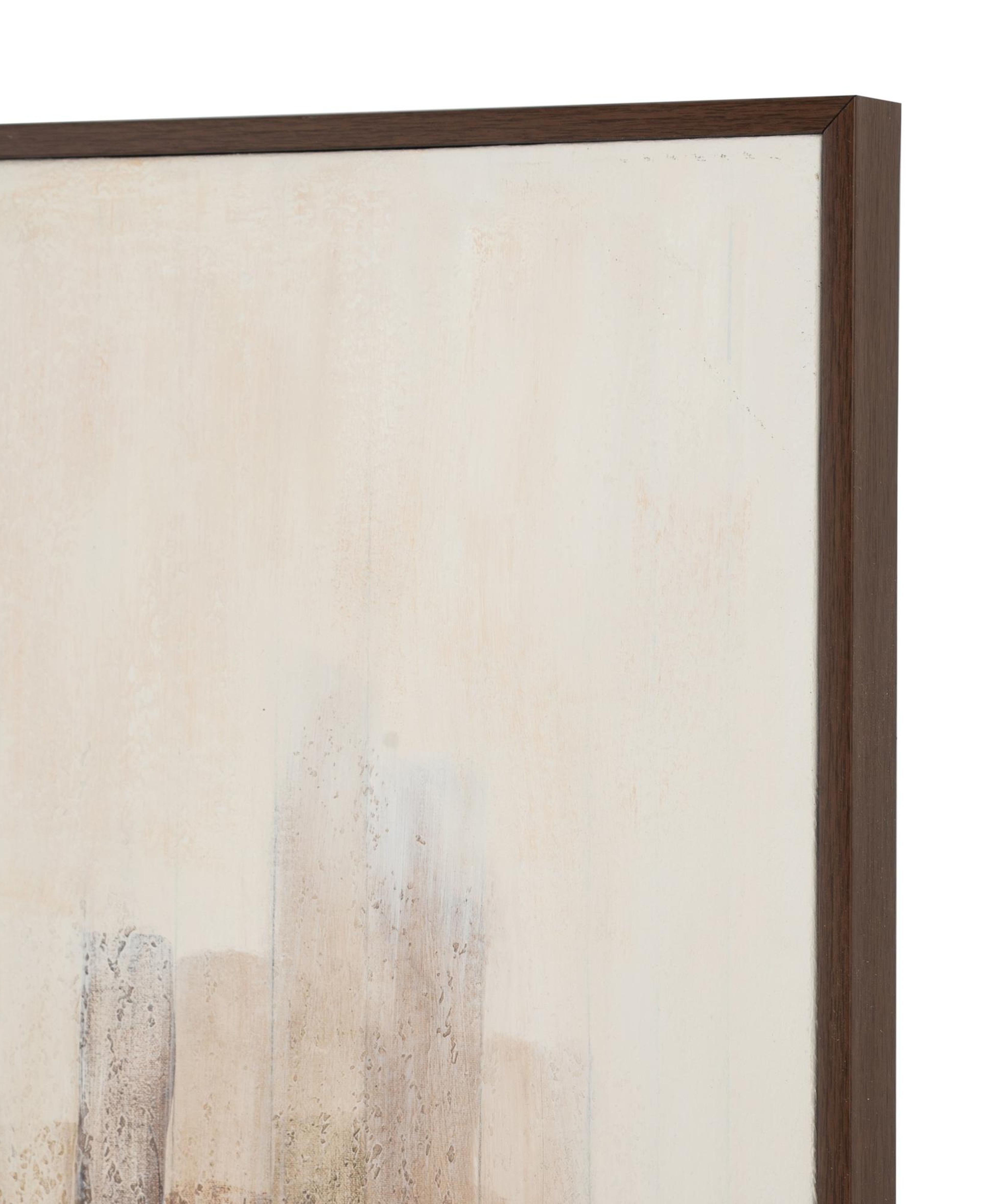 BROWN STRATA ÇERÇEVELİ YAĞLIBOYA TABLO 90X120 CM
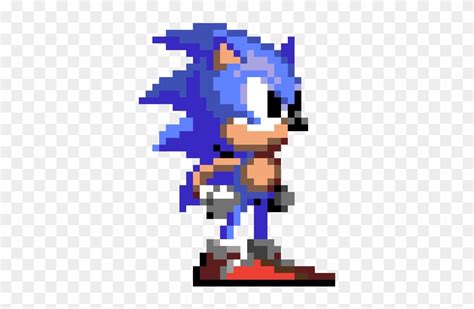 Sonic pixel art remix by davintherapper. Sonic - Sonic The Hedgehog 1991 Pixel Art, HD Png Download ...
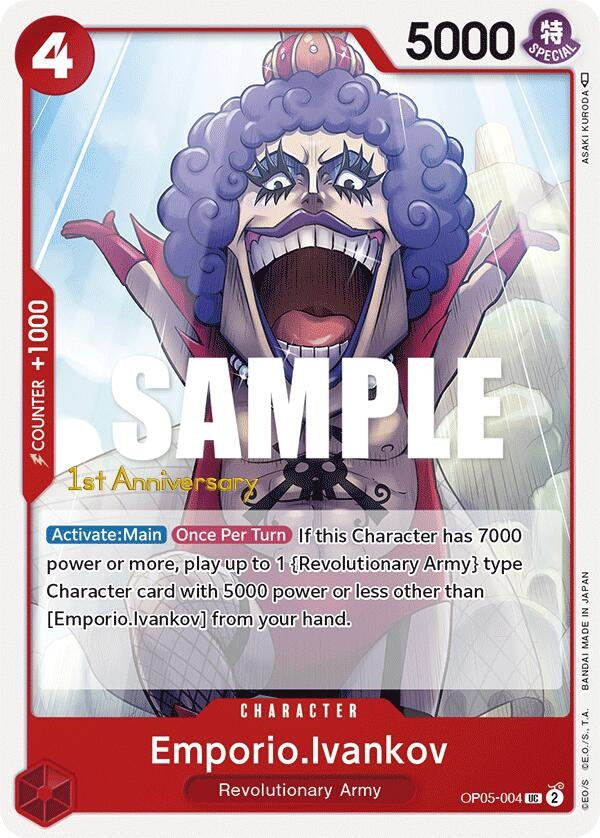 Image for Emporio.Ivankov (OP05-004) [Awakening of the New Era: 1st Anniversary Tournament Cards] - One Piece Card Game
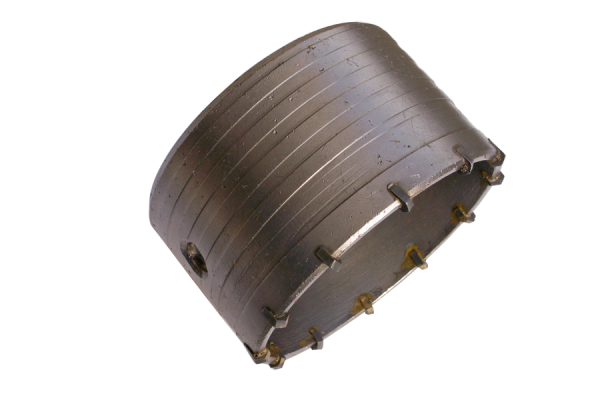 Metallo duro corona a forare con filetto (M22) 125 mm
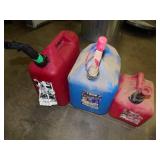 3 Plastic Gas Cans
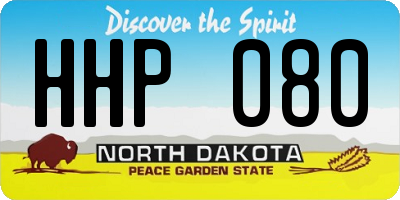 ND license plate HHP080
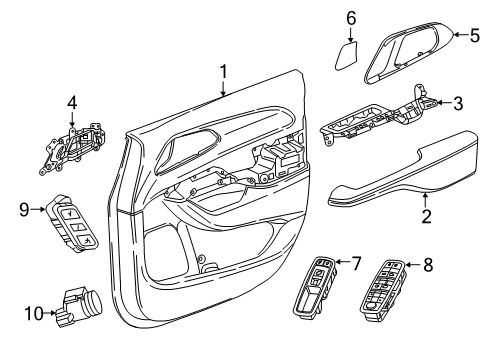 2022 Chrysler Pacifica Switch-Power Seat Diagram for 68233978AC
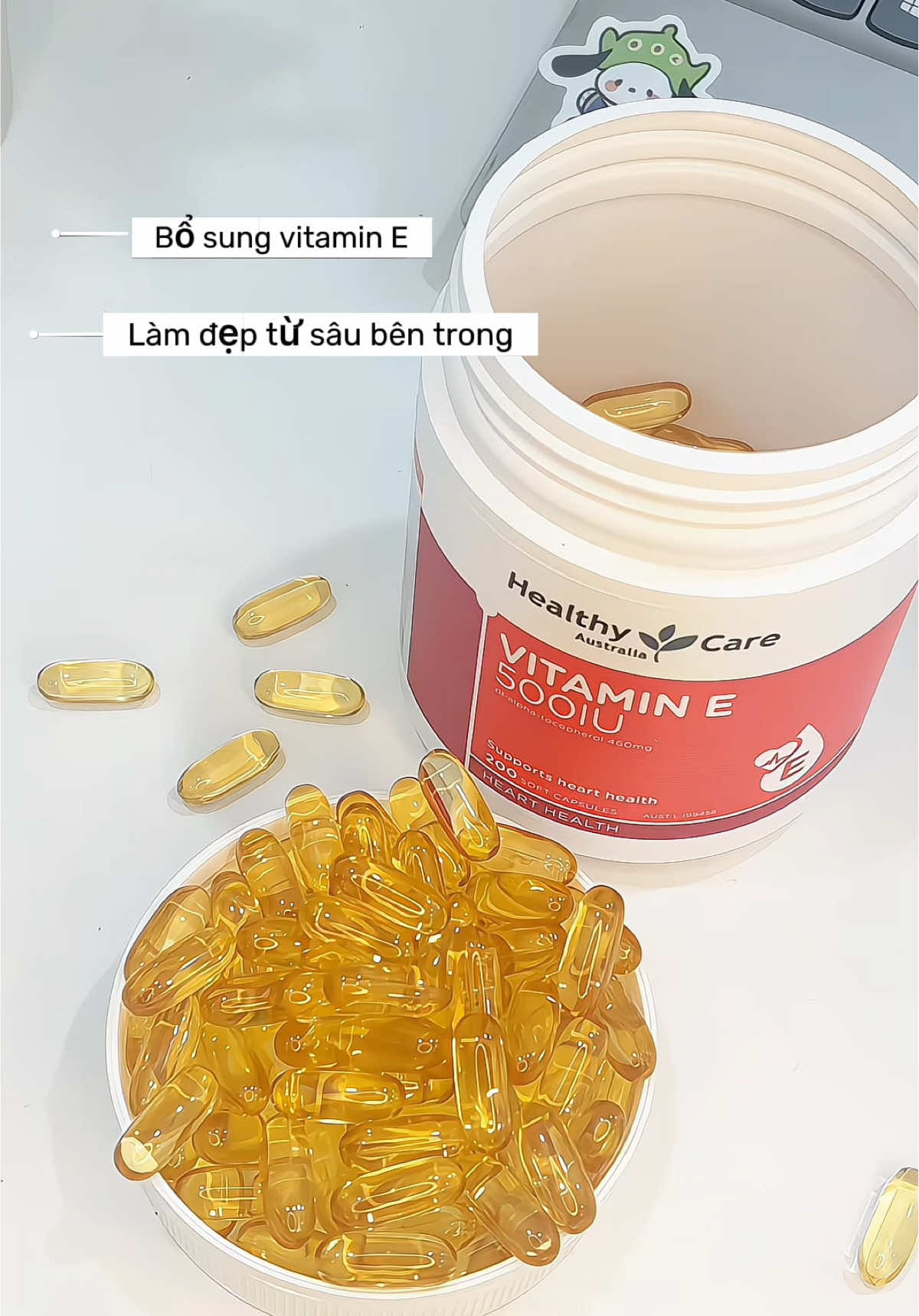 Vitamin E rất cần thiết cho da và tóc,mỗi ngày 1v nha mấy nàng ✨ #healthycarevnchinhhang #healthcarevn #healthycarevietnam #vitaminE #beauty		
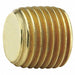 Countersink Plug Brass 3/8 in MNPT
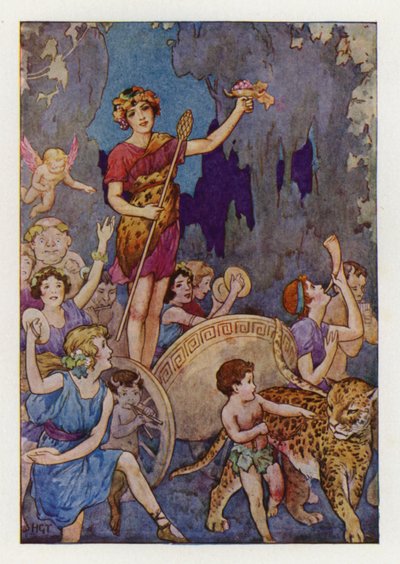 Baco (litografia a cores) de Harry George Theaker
▬▬▬▬▬▬▬▬▬▬
▶ [Task directions] Write out, exactly, the lines of the material from the very first through the line containing "Sonic pixel art", and leave out every picture.

▶ [Output below]
 BROWN STRATA ÇERÇEVELİ YAĞLIBOYA TABLO 90X120 CM
 Sonic pixel art remix by davintherapper. Sonic - Sonic The Hedgehog 1991 Pixel Art, HD Png Download ...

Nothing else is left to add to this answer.